1953 & 1975 l’Angélus


Many prideful châteaux blush when reminded of fallow periods in their history, when quality languished below what is accepted today. It is nothing to be embarrassed about. A majority endured periods when they had little or no choice but to take whatever Mother Nature gave them and cling to the hope that every three or four years a benevolent season would deign a 1947 or 1961. On the other hand, sometimes these forgotten and frequently traduced periods are not as fallow as you might presume, especially in this Manichean age where we prefer to see things in black and white. These eras can be hunting grounds for bottles that repudiate received wisdom for reasonable prices.

I was at 67 Pall Mall attending a 2017 Burgundy tasting when a friend invited me upstairs to meet his client, who had a bottle he wished to share. Well, who was I to refuse? I met a kindly gentleman who proffered a glass and asked my impression. I could tell it was a mature Saint-Émilion, nothing amazing, but perfectly clean. Its lightness was compensated by its balance and elegance. Yes, perfectly enjoyable. Now, what was it?


It was unveiled as a 1975 Château l’Angélus.

Predating Hubert de Boüard de Laforest’s tenure, it was made by his father, Jacques de Boüard, who had run the estate with his brother Christian since 1945. The 1975 l’Angélus was fermented in concrete vats and saw no new oak, so we’re talking old-school winemaking. It has a relatively pale hue for a Saint-Émilion and a degraded tawny rim. The bouquet is a little diffuse, but reveals attractive vestiges of brambly red fruit that ebb away to offer damp undergrowth, autumn leaves and light cigar humidor scents.

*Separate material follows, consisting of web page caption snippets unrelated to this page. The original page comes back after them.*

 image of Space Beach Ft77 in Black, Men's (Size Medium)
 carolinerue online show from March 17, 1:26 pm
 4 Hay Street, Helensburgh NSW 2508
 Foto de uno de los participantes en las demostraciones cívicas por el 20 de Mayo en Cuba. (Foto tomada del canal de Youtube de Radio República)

The palate is not powerful but certainly balanced, with fine acidity. Not complex in the slightest, the 1975 certainly falls short of expectations given that this was actually a pretty decent Right Bank vintage, as anyone who has tasted Figeac or Cheval Blanc will know. The nub of the matter is that the 1975 l'Angélus is perfectly enjoyable to drink, showing no obvious faults and no vegetal traits, while the tart finish is quite refreshing. My glass is soon empty. 85/Drink: 2019-2020.

A few weeks earlier I had encountered another bottle from Jacques de Boüard’s era. This was tinged with poignancy, since he passed away on the day I visited to conduct a vertical of recent vintages (which I will publish soon). I gave my condolences to his granddaughter Stéphanie and suggested postponing, but he had lived well into his nineties and there was cause to remember and celebrate a long life... and share one of his wines. The 1953 l’Angélus, served blind, testifies to the quality of this Saint-Émilion in the post-war era. It is quite deep in colour, showing no signs of turbidity. The bouquet is fresh and nicely detailed, almost Left Bank in style thanks to the herbaceous note that is beautifully entwined with the blackberry, clove and scents of Lapsang souchong. The palate is well balanced, with quite rigid tannin at first, not what you might call an elegant Right Bank, but broad-shouldered and charmingly bucolic. Cosseted by no new oak, it is actually quite linear and classic in style, though not dry, with a cedar-edged finish that lingers in the mouth. The freshness and vitality after 65 years, and the manner in which the 1953 gains complexity and depth with aeration, leave you falling for its charms and itching for another glass. Bewitching. 94/Drink: 2019-2029.

The moral of this story is: Do not dismiss entire epochs of châteaux and always approach bottles with an open mind – if possible, blind, as in case of these two bottles. The 1975 l’Angélus has the ignoble status of being cursed with a 50-point score from my former boss from Monkton. He is not alone in criticizing the wines from this period, so that is not a personal criticism, and of course, bottles vary from one to another. But if you could have witnessed our small party enjoying that 1975 l’Angélus, you would never have believed we were imbibing the same wine. There are only great bottles... etc., etc.